Rett syndrome is a rare genetic disorder that affects the way the brain develops. It occurs almost exclusively in girls.
Most babies with Rett syndrome seem to develop normally at first, but symptoms surface after 6 months of age. Over time, children with Rett syndrome have increasing problems with movement, coordination and communication that may affect their ability to use their hands, communicate and walk.
Although there's no cure for Rett syndrome, potential treatments are being studied. Current Rett syndrome treatment focuses on improving movement and communication and providing care and support for affected children and their families.
Babies with Rett syndrome are generally born after a normal pregnancy and delivery. Most seem to grow and behave normally for the first six months. After that, signs and symptoms start to appear. The most pronounced changes generally occur at 12 to 18 months of age, over a period of weeks or months.
Rett syndrome signs and symptoms include:
Slowed growth. Brain growth slows after birth. Smaller than normal head size is usually the first sign that a child has Rett syndrome. It generally starts to become apparent after 6 months of age. As children get older, delayed growth in other parts of the body becomes evident.
Loss of normal movement and coordination. The most significant loss of movement skills (motor skills) usually starts between 12 and 18 months of age. The first signs often include a decrease of hand control and a decreasing ability to crawl or walk normally. At first, this loss of abilities occurs rapidly and then continues more gradually.
Loss of communication and thinking abilities. Children with Rett syndrome typically begin to lose the ability to speak and to communicate in other ways. They may become uninterested in other people, toys and their surroundings. Some children have rapid changes, such as a sudden loss of speech. Over time, most children gradually regain eye contact and develop nonverbal communication skills.
Abnormal hand movements. As the disease progresses, children with Rett syndrome typically develop their own particular hand patterns, which may include hand wringing, squeezing, clapping, tapping or rubbing.
Unusual eye movements. Children with Rett syndrome tend to have unusual eye movements, such as intense staring, blinking or closing one eye at a time.
Breathing problems. These include breath-holding (apnea), abnormally rapid breathing (hyperventilation), and forceful exhalation of air or saliva. These problems tend to occur during waking hours, but not during sleep.
Irritability. Children with Rett syndrome become increasingly agitated and irritable as they get older. Periods of crying or screaming may begin suddenly and last for hours.
Abnormal behaviors. These may include sudden, odd facial expressions and long bouts of laughter, screaming that occurs for no apparent reason, hand licking, and grasping of hair or clothing.
Seizures. Most people who have Rett syndrome experience seizures at some time during their lives. Symptoms vary from person to person, and they can range from periodic muscle spasms to full-blown epilepsy.
Abnormal curvature of the spine (scoliosis). Scoliosis is common with Rett syndrome. It typically begins between 8 and 11 years of age.
Irregular heartbeat (dysrhythmia). This is a life-threatening problem for many children and adults with Rett syndrome.
Constipation. This is a common problem in people with Rett syndrome.
Stages of Rett syndrome
Rett syndrome is commonly divided into four stages:
Stage I. Signs and symptoms are subtle and easily overlooked during the first stage, which starts between 6 and 18 months of age. Babies in this stage may show less eye contact and start to lose interest in toys. They may also have delays in sitting or crawling.
Stage II. Starting between 1 and 4 years of age, children with Rett syndrome gradually lose the ability to speak and to use their hands purposefully. Repetitive, purposeless hand movements begin during this stage. Some children with Rett syndrome hold their breath or hyperventilate and may scream or cry for no apparent reason. It's often difficult for them to move on their own.
Stage III. The third stage is a plateau that usually begins between the ages of 2 and 10 years and can last for years. Although problems with movement continue, behavior may improve. Children in this stage often cry less and become less irritable. Increased eye contact and using the eyes and hands to communicate generally improve during this stage.
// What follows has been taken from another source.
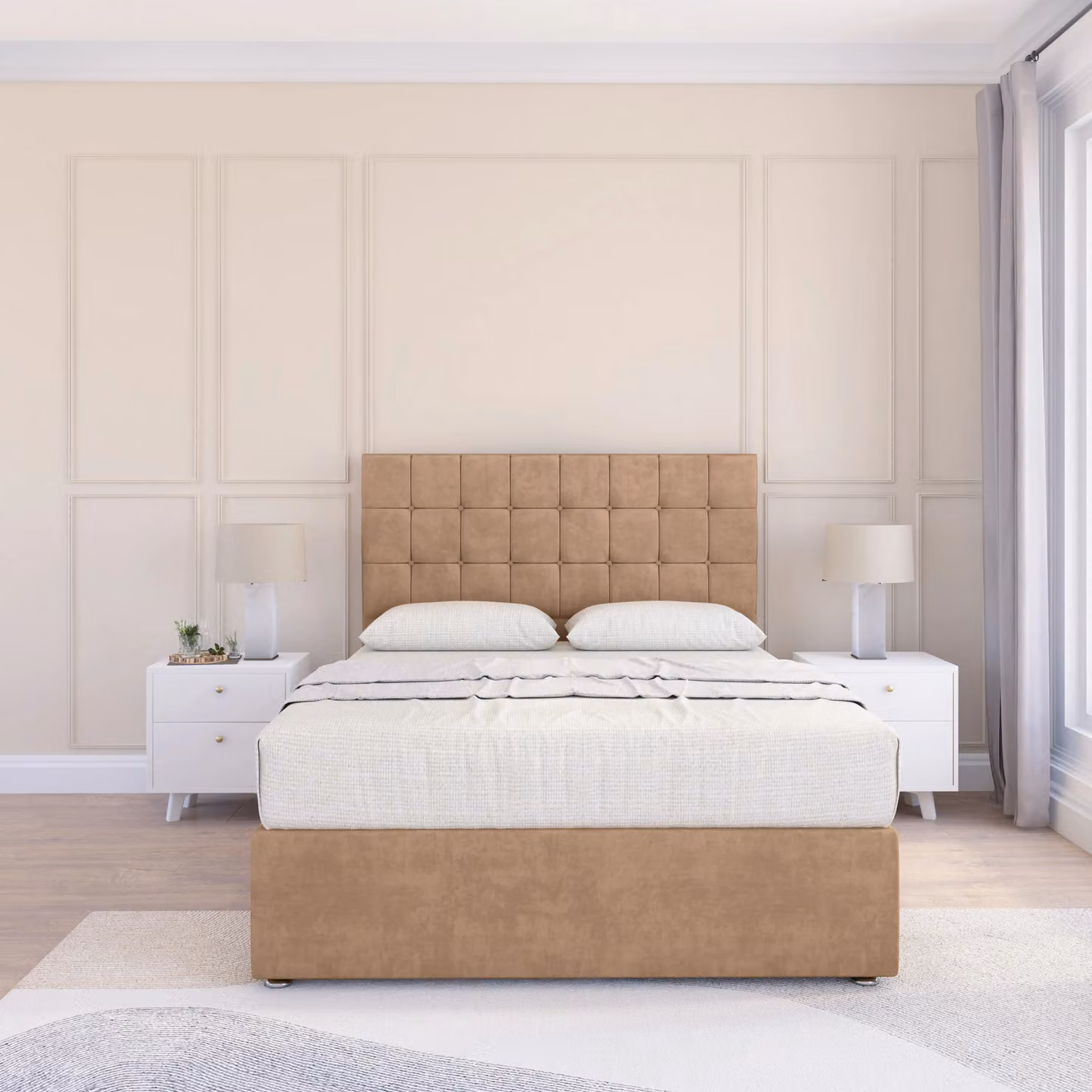 Sloomy Alabama Divan Bed Base and 26 inch Struts Headboard, Beige Microfibre Fabric, W/D/H: 90 x 200 cm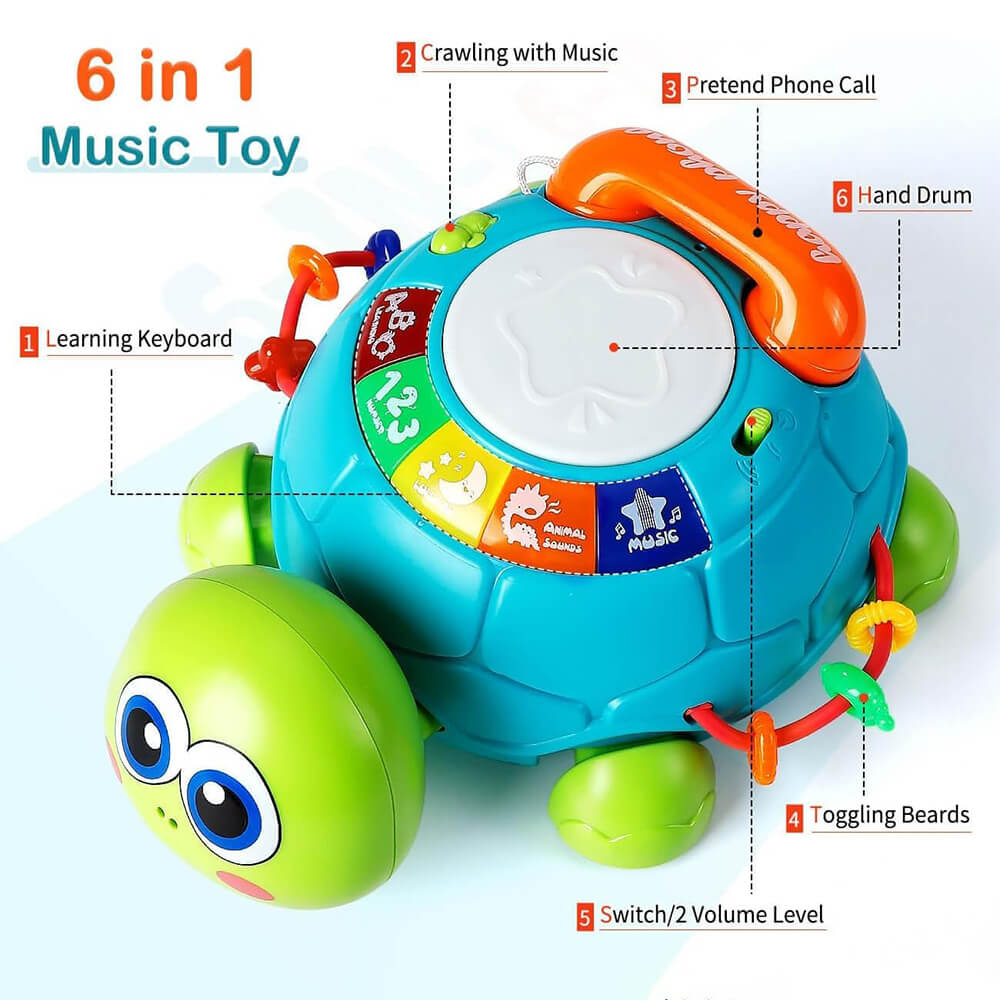 6 IN 1 MULTIFUNCTION ELECTRIC CRAWLING EDUCATIONAL MUSICAL TOY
Stage IV. The last stage is marked by reduced mobility, muscle weakness and scoliosis. Understanding, communication and hand skills generally don't decline further during this stage. In fact, repetitive hand movements may decrease. Although sudden death can occur, the average life span of people with Rett syndrome is more than 50 years. They usually need care and assistance throughout their lives.
When to see a doctor
Signs of Rett syndrome can be subtle in the early stages. See your child's doctor right away if you begin to notice physical problems or changes in behavior such as:
Slowed growth of your child's head or other parts of the body
Decreased coordination or mobility; repetitive hand movements
Decreasing eye contact or loss of interest in normal play
Delayed speech development or loss of previously acquired speech abilities
Problem behavior or marked mood swings (emotional dysregulation)
Any clear loss of previously gained milestones in gross motor or fine motor skills
Rett syndrome is a genetic disorder, but in only a few cases is it inherited. Instead, the genetic mutation that causes the disease occurs randomly and spontaneously.
Rett syndrome in boys
Because males have a different chromosome combination from females, boys who have the genetic mutation that causes Rett syndrome are affected in devastating ways. Most of them die before birth or in early infancy.
A very small number of boys have a less destructive form of Rett syndrome. Similar to girls with Rett syndrome, these boys will likely live to adulthood, but they're still at risk of a number of health and behavior problems.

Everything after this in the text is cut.